Mentions: Next, we examined the role of the biological mechanisms involved in adherens junction formation in the establishment of tissue-level tension. In the current consensus view of adherens junction formation (Harris and Tepass, 2010), lamellipodial crawling, powered by Arp2/3-complex-mediated F-actin polymerisation, allows cells to make initial contacts with their neighbours that can be subsequently broadened by further lamellipodial extension. Consistent with a central role for actin polymerisation, incubating the cells with latrunculin B to depolymerise actin filaments prevented the formation of intercellular junctions and the generation of traction stresses (Fig. 5A). Temporal increases in apparent stiffness following replating were severely diminished (Fig. 5B). Differential interference contrast imaging during monolayer formation (Fig. 5C; supplementary material Movie 3) and phalloidin staining of F-actin (Fig. 5D) confirmed the presence of lamellipodial crawling under our experimental conditions. To examine the role of Arp2/3 in the establishment of tissue tension, we treated reforming monolayers with the Arp2/3-complex inhibitor CK666 (Nolen et al., 2009), which has been shown to inhibit lamellipodial protrusion in neutrophils (Wilson et al., 2013) and aplysia growth cones (Yang et al., 2012). Treatment of mature monolayers with CK666 led to loss of junctional localisation of the Arp2/3 complex (supplementary material Fig. S4D), confirming the effectiveness of the inhibitor in MDCK cells, in agreement with previous work (Tang and Brieher, 2012). When we treated reforming monolayers with CK666, cells no longer formed lamellipodia and this resulted in poorly interconnected monolayers (Fig. 5E). Lack of junction formation and decreased traction stresses severely impeded the establishment of monolayer stiffness (Fig. 5F).

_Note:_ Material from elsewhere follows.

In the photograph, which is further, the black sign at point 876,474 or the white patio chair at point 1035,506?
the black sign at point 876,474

Formation of adherens junctions leads to the emergence of a tissue-level tension in epithelial monolayers.

Harris AR, Daeden A, Charras GT - J. Cell. Sci. (2014)

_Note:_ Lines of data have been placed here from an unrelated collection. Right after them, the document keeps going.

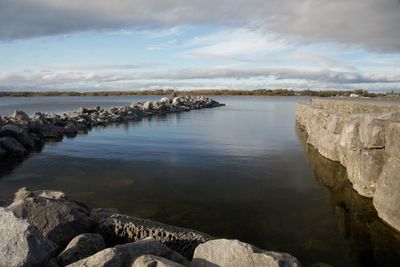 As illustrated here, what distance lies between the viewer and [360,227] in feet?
27.0

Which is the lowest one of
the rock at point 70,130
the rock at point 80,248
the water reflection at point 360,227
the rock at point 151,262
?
the water reflection at point 360,227

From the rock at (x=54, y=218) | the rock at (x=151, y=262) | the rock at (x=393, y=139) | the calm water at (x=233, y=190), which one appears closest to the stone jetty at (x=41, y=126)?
the calm water at (x=233, y=190)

Inhibition of actin polymerisation and lamellipodial crawling impede the emergence of monolayer tension. (A) Localisation of LifeAct–Ruby in control monolayers and monolayers treated with latrunculin B 150 min after replating. (B) Temporal evolution of the apparent stiffness of control monolayers (black) and monolayers treated with latrunculin B (blue) to depolymerise the actin cytoskeleton. (C) Differential interference contrast images of cells during monolayer reformation (see supplementary material Movie 3). Cells formed lamellipodia to close existing gaps. Arrowhead, the position of a lamellipodium; yellow dashed line, initial position of the lamellipodium; white dashed line, lamellipodial position at subsequent time-points. (D) Upper image, differential interference contrast imaging of a lamellipodial protrusion during monolayer formation; lower image, phalloidin staining of the same location. Arrowhead, the lamellipodium. (E) Localisation of LifeAct–Ruby in control monolayers and monolayers treated with CK666 to inhibit Arp2/3-mediated lamellipodial protrusion. In A and E, the upper images show a single xy confocal plane and the lower images show a single zx profile. The location of zx profiles is shown by dashed yellow lines on the xy images. Scale bars: 10 µm. (F) Temporal evolution of the apparent stiffness in control monolayers (black) and monolayers treated with CK666 (green). In B and F, the number of measurements for each condition is indicated below each box; boxes, median, 1st quartile and 3rd quartile; whiskers, maximum and minimum; dotted line, temporal evolution of monolayer apparent stiffness for each condition; *P<0.01 between control monolayers and treated monolayers at a given time-point (Student's t-test).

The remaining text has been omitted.